When Dan Baxter heard about Detroit’s Dr. Ossian Sweet and his monumental “trial of the century,” Baxter was a young man living in the very house on the city’s east side where the 1925 shooting that made Dr. Sweet a household name happened.
As Baxter researched Dr. Sweet’s story of how he and his family had to defend their home from a growing crowd that wanted to force the African-American homeowners out of their residence at 2905 Garland Avenue, Baxter told the crowd gathered outside his childhood home Monday morning that he felt shocked and upset.
But the one thing he didn’t feel was fear. That was because Dr. Sweet and his family were Civil Rights pioneers – and their defense of their home and Dr. Sweet’s fear ended with their trial, in which the family was found innocent by an all-white jury of their peers.
“Dr. Sweet was a trailblazer,” said Baxter, who serves today as the city’s Director of Elections. “We stand on his shoulders.”
On Monday, the City of Detroit, through Baxter and Mayor Mike Duggan, announced it has been awarded a $500,000 federal grant to expand the historic district of the Dr. Ossian Sweet home and preserve two more adjacent houses that will preserve the famous site in perpetuity, and memorialize an authentic Detroit civil rights story.
The City of Detroit was awarded the maximum grant amount from the African American Civil Rights program of the Historic Preservation Fund, National Park Service, and Department of the Interior. The effort is among 51 winning projects in 24 states that will preserve sites and highlight stories related to the African American struggle for equality in the 20th century.
Legal history made in Detroit
The grant will pay for the cost of preserving and interpreting a space in the Sweet house that will be open to the public for scheduled visits, and rehabilitating two additional properties across Garland Street, where the violent mob gathered and where the shooting occurred. The City is also in the process of expanding the district to include those properties at 2912 and 2918 Garland to cover the broader anti-integration movement and the events at the Ossian Sweet House as it relates to the Civil Rights Movement. Today, the Sweet home is privately owned, and only 2905 Garland is listed in the National Register of Historic Places.
Mayor Mike Duggan has a personal connection to the Ossian Sweet house. In the early 2000s, when he was Wayne County Prosecutor, he was appalled to learn that the legendary site, while on the state register of historic places, did not have a state historical marker and led a campaign to get the state to place one. The effort was successful and in 2004 he participated in a ceremony to unveil the new marker while the National Black Prosecutors Association was in Detroit for its annual convention.
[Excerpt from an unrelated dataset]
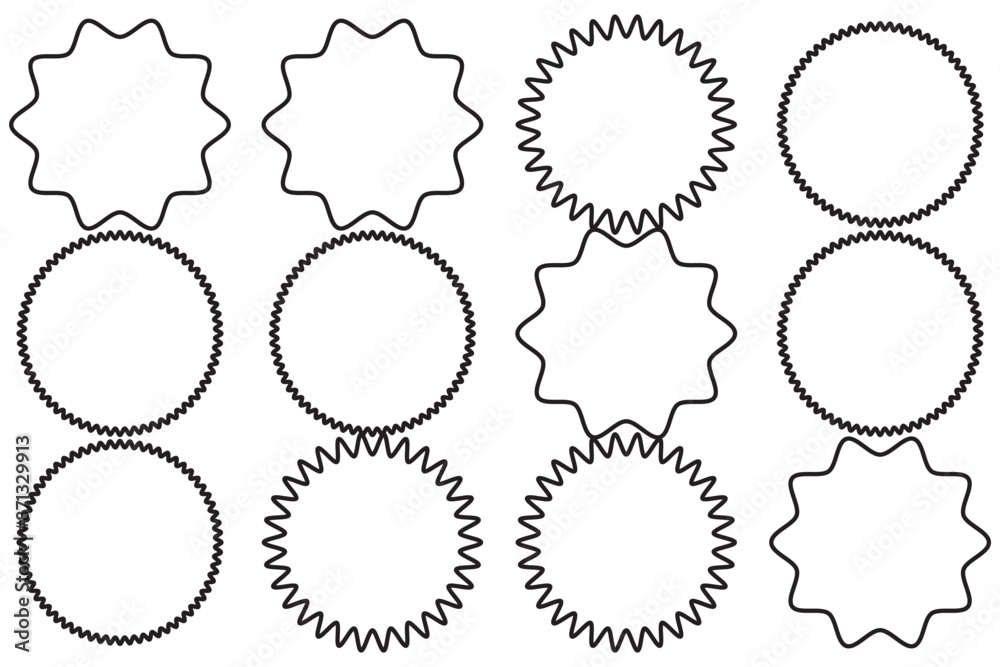 Starburst thin line sticker vector icon, outline star round border, circle sale badge set, price tag. Simple illustration isolated on white background Starburst thin line sticker vector icon, outline star round border, circle sale badge set, price tag. Simple illustration isolated on white background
“As Detroit continues to move forward, we cannot forget where we’ve been,” said Mayor Mike Duggan. “Preserving the Dr. Sweet home and expanding the historic district will give us a chance to reflect on the struggles many African American families have faced and celebrate champions like Dr. Sweet and others, who stood up for what is right.”
A Civil Rights landmark
In 1925, Dr. Ossian Sweet, an African American physician, purchased the house at 2905 Garland Avenue in a segregated white neighborhood on Detroit’s east side. On September 9, a violent mob gathered there to drive the Sweet family out of the neighborhood. Dr. Sweet decided to stand his ground; rocks were thrown; shots were fired in defense and one man in the mob died. Dr. Sweet and others in the home at the time were arrested and charged with murder. The NAACP hired renowned attorney Clarence Darrow to represent Dr. Sweet; the case resulted in acquittal, bringing international attention to U.S. housing discrimination.
The grant, awarded to the city’s Planning and Development Department, will cover a number of improvements and additional work including:
• A study and framework plan to revitalize and expand the historic district. This includes a historic structure report to determine current conditions, location of public access points and expanded historic district boundaries.
• Stabilization, and exterior improvements to the Sweet house at 2905 Garland and rehabilitation of the open-plan first floor to allow for future public visitation.
• Stabilization and exterior improvements to 2918, 2912-14 Garland.
• Historic interpretation, which will involve in-depth research into the Ossian Sweet house and the surrounding neighborhood to produce materials for future public display.